A Internacional, uma vez mais!
Foto Joseane Alfer
Mesmo em tempos digitais,
tentamos em momentos distintos organizar uma sessão cineclubista em uma casa,
que contasse com a presença do nosso amigo tão querido, o africano nascido na
iluminada Ilha da Madeira, o “portuga” António Gouveia.
Tempo e dinheiro, dois
bens deveras preciosos. O tempo, que tenho sem limite graças ao esforço do
trabalho, está à minha disposição, apesar das marcas no corpo e das manchas nas
roupas que perdi com o suor, resultado da labuta diária. Quanto ao vil metal,
continuo me esforçando para manter comigo o pouco que conseguir. Juntando-os,
vejo que não disponho deles o suficiente, para ir a uma sessão de cinema em
vossas casas, para ver um filme, mesmo nessa tal tela de plasma, que é no dizer
atual “quase um cinema em casa”!
Foto divulgação internet
Na grande tela, sentando
no fundo da sala e sendo um dos últimos a receber os primeiros raios luminosos
da luz rebatida da tela na platéia, lá estávamos “Nós, que nos Amávamos Tanto” com um saco de pipoca na mão assistindo as tais “Papo de Boteco”, um filme do Diomédio Piskator,
realizado em Digital, projetado na grande tela do espaço cinematográfico referência
paulistana, que muito tinha do seu ideal cineclubista, mas que para isso - saco de pipoca -, naquela efeméride, tinha uma teoria, o título do filme! Logo ele que no passado, pipoca no cineclube Bixiga não tinha. As mentes evoluem e a ocasião, também... vai uma pipoquinha aí?
Foto divulgação internet
Foto divulgação internet
Depois de algumas
conversas jogadas ao ar, no saguão de saída, já que o ritual do debate após a sessão ficara
relegado ao tempo, nos saudosos fios da memória de outrora, subimos a tão
Augusta rua, com sua tradicional boêmia agitação, no que pese o barulho da
modernidade, subimos a passos lentos, flagrando, fragmentos de um ou outro
luminoso detalhe, sons de indecifráveis vozes, o ronco “play-moto-boy”, o
sobretudo preto da abundante jovem em direção à sua tribo, e da pouca roupa que
as vergonhas já não cobriam, porque também já não as tinha, aquele provocante
transeunte, seguimos...
A alta marquise
proporcionava um sombreado, num pequeno trecho da rua, ecoa um som a passar
lentamente pelos ouvidos ainda sob os efeitos da sonoridade audiovisual, um
pouco sob a turbulência sonora da rua, mas aquele fiapo melódico principia, perceptível timbre do ouvido que se ajeita e
permite a penetração da inconfundível nota musical, oferecida pela nossa velha
sanfona, que espalha maviosos acordes da Internacional Socialista, ali, ao ar
livre daquela tão prostituta rua.
Foto divulgação internet
O africano para. O trânsito
transeunte da calçada fora subitamente alterado, passos diminuem, rotas
repentinas surgem, agora o som é límpido e lá impávido “qui nem Rosa de Lalí”,
o esquelético e cabeludo sanfoneiro continua, absorto a tocar aquele sonho
distante no tempo. Frente a frente, onde apenas um vê o outro e o som envolve
os dois, o “portuga” mão de vaca, tira do sonâmbulo tocador, um gesto sutil de
agradecimento, com a certeza do observador, de que a feira da semana fora
garantida pela generosidade do gesto!
Foto divulgação internet - manifestação em Lisboa
Ah, meu amigo, quanto
vazio sua presença nos falta. A Rua de tão Augusta, tão distante ficou. O
cinema tão festejado tanto incomoda, agora provoca. Frequentá-lo já não convém.
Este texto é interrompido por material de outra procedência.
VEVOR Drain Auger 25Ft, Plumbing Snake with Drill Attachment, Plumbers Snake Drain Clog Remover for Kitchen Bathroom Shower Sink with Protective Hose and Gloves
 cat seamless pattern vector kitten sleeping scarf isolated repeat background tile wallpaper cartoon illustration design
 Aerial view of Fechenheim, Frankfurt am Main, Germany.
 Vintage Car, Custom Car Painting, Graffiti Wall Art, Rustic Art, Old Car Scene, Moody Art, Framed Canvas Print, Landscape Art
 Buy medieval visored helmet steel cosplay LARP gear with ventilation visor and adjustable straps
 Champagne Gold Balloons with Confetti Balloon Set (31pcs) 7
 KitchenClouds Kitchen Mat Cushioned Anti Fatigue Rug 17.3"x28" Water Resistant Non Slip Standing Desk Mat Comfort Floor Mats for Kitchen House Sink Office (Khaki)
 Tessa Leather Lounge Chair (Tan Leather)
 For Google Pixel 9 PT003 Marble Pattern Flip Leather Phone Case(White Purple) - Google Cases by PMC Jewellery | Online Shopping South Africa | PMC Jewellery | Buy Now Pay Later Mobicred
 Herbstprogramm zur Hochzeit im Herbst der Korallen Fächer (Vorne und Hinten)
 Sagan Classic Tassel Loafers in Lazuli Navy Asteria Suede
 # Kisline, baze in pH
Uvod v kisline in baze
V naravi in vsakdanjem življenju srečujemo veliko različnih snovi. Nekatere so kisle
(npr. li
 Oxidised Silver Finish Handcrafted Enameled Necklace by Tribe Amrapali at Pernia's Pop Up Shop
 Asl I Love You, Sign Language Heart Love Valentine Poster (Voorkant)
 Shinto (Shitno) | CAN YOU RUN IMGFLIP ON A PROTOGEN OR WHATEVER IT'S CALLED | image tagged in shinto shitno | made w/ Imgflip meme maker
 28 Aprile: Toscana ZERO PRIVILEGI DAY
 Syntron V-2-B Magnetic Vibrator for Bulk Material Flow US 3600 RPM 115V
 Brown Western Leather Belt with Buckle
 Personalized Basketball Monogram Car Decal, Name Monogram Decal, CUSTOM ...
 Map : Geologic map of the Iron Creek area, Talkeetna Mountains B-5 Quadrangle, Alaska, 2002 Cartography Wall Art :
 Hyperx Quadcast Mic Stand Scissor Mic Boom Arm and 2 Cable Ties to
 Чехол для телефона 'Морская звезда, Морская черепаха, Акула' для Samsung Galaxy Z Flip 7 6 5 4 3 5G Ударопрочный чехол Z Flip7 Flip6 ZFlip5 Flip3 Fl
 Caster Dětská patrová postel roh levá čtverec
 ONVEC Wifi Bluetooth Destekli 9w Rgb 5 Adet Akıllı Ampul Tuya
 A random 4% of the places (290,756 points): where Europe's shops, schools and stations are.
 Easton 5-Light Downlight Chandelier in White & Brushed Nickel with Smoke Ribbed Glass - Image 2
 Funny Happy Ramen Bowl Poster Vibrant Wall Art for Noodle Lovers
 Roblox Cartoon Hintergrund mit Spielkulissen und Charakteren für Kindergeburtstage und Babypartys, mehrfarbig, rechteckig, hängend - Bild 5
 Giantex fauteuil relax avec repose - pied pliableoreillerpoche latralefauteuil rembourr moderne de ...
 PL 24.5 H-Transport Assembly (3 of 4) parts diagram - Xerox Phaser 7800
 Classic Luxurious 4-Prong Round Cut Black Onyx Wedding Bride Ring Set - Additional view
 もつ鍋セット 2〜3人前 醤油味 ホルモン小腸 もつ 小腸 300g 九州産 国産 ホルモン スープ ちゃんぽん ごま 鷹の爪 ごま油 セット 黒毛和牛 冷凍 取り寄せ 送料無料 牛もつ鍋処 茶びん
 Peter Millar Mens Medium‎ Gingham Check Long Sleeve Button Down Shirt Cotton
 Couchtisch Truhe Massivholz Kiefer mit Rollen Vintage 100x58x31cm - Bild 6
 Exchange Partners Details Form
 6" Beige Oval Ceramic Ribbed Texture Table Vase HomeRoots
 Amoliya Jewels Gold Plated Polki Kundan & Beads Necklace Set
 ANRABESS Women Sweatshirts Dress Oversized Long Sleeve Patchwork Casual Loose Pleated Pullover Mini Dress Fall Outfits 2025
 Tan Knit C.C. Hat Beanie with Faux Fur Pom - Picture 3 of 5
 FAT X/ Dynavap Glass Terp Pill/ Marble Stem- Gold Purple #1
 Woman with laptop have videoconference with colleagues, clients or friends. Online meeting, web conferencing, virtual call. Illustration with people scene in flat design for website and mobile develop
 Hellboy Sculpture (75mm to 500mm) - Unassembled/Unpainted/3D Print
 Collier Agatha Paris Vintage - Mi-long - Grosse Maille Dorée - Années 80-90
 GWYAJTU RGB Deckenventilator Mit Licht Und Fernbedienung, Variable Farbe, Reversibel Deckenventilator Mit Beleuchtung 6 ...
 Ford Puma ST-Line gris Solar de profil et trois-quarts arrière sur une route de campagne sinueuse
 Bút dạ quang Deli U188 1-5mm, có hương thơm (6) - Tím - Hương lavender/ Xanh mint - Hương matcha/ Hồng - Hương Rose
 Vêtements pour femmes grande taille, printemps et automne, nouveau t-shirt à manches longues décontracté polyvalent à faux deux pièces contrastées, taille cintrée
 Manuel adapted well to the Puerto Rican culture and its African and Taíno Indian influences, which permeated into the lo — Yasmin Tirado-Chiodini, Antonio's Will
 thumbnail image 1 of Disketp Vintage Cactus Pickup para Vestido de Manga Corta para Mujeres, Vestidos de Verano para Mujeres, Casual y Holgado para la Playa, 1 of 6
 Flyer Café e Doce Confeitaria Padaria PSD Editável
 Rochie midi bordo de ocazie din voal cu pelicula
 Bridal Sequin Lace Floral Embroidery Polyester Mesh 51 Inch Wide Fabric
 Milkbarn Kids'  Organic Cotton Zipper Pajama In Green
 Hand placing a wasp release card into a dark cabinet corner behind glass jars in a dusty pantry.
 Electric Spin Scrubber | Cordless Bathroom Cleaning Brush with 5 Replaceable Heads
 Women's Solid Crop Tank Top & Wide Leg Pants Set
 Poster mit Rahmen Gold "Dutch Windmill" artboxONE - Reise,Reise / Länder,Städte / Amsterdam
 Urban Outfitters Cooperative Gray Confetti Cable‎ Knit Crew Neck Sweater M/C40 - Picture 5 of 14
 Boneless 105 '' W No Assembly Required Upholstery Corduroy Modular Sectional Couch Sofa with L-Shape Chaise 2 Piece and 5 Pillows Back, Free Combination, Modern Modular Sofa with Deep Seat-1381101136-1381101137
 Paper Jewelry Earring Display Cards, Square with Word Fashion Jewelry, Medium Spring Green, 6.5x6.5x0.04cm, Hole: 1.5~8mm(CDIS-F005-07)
Do tempo que ainda resta, certa escolhas nos impõe e a caverna que liberta os
sonhos, achá-los convém. Ainda que haja vida lá fora, da janela a mirar a luz
que brilhar o rumo do teu olhar... Corta!
Foto Diogo - Gouveia visitando as obras do Cineclube Grajaú,
sala vitrine do Circuito Popular de Cinema, projeto do CECISP.